NZ Crane managing director Deane Manley said: “It has been standard industry practice for years to climb on top of booms without adequate fall protection, but this has just got to stop. It is clearly hazardous but no one seemed to know of a better way before. At four metres above the ground, a fall from that height is enough to kill someone. When we found out about TRAM it was clear that ignorance was no longer an excuse.”
Most of the cranes involved are Grove, the first two of which are the GMK 5170 and a GMK 4100. A further 10 units are now being fitted.
The TRAM unit enables users to walk on top of the crane boom without the risk of falling. The user has a double lanyard that clips onto a moveable handlebar at waist height. The handle is fixed at foot level to a rail along the length of the boom. By tying off at waist level rather than foot level, TRAM users have no distance to fall in the event of a slip or trip, and still have total freedom to do their work.
The handle, or arm, rotates 180 degrees to aid manoeuvrability and to allow the arm to fold down for storage when not in use. As the user climbs up the side of the crane, they clip the lanyard onto the arm. Squeezing the hand brake releases an air-powered spring that pushes the arm gently but firmly to vertical, helping the user climb up and over onto the top of the boom. Similar assistance is given in descent.
A deadman’s brake prevents the arm moving along the rail unless the hand brake is squeezed.
TRAM Australia Pacific worked closely with Grove distributor Tidd Ross Todd and NZ Crane on the first units to produce a methodology for fixing the rail to the booms. The precise method can vary for each crane type, depending on such diverse features as the location of rope retainers and angle of tilt of the cab.
Previous TRAM installations have seen the rail welded or banded on the boom. TRT engineering director Robert Carden proposed a chemical bonding solution instead, where the brackets that hold the rail are bonded to the boom by pressure injecting an epoxy resin into the joint.
Carden explains: “We have used this method for the past six years to bond the fibreglass insert into our steel booms for live-line aerial platforms.
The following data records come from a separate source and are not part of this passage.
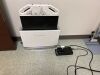 GE Proteus Rad Room
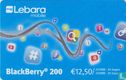 BlackBerry® 200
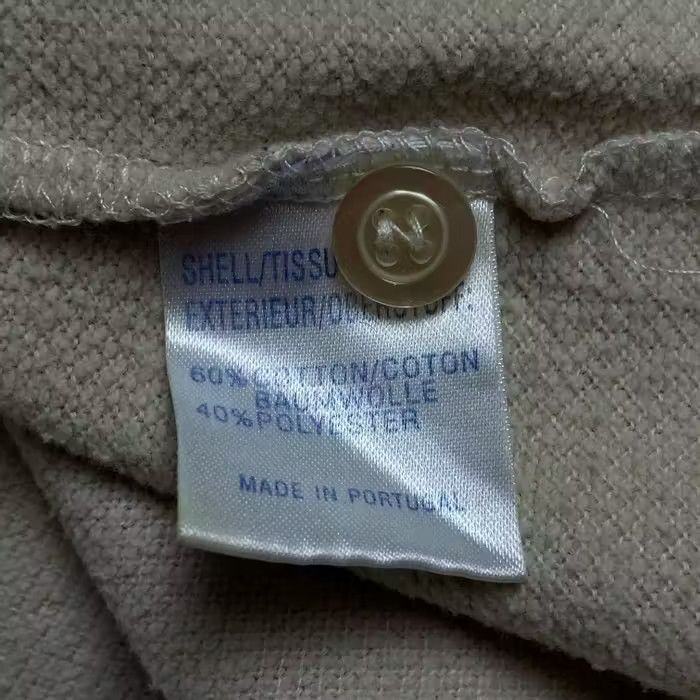 Reebok × Vintage Long Sleeve Sweatshirt Reebok Classic Vintage Size XXXL 3XL Size US XXL / EU 58 / 5 - 5 Thumbnail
We have also used it to bond the trailing boom trailer mast mounts under the boom of a GMK 4100 and GMK 5130-1.”
TRAM Australia Pacific director Martin Jones designed a bracket that forms to the contour of the boom and laps over each side at the top, to resist shear forces. “Grove has been very helpful in supplying me with drawings of their boom profiles,” he says. “This allowed me to manufacture brackets more easily knowing that they fit perfectly.”
The bonding process has been designed and tested to AS/NZS 1891.4: 2009 Industrial Fall Arrest Systems and Devices – Selection Use and Maintenance, and certified to equivalent international standards.
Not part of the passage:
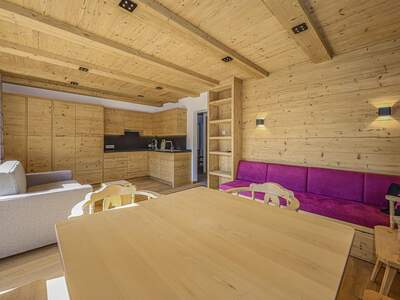 Terrassenwohnung kaufen in 6370 Kitzbühel (Bild 3)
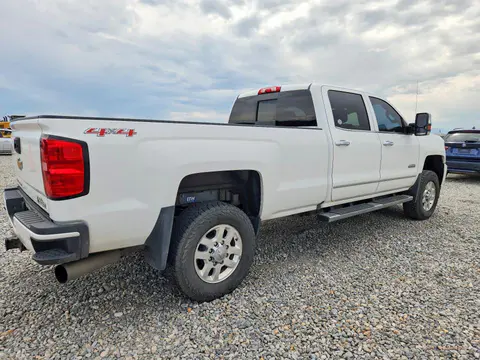 2015 Chevrolet Silverado VIN 1GC4K1E86FF664633 фото 3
While welding and strapping have both worked perfectly well on other installations, Jones believes that bonding has the benefit of looking very neat. The requirement for overnight curing adds to the installation time and there was an additional cost to the first two units simply because they were the first, but costs are expected to reduce rapidly.
Manley says the benefits of TRAM go beyond knowing that his workers are more likely to get home alive, there are also commercial rewards. It helps to position the company as likely supplier of choice for any customer that takes safety seriously. And it has been a key component of a safety programme that has secured a 20 percent discount on insurance premiums for the country’s mandatory Accident Compensation Corporation scheme.
“It’s a no brainer,” Manley concludes. “The only reason why you wouldn’t fit TRAM is because you are too miserable.”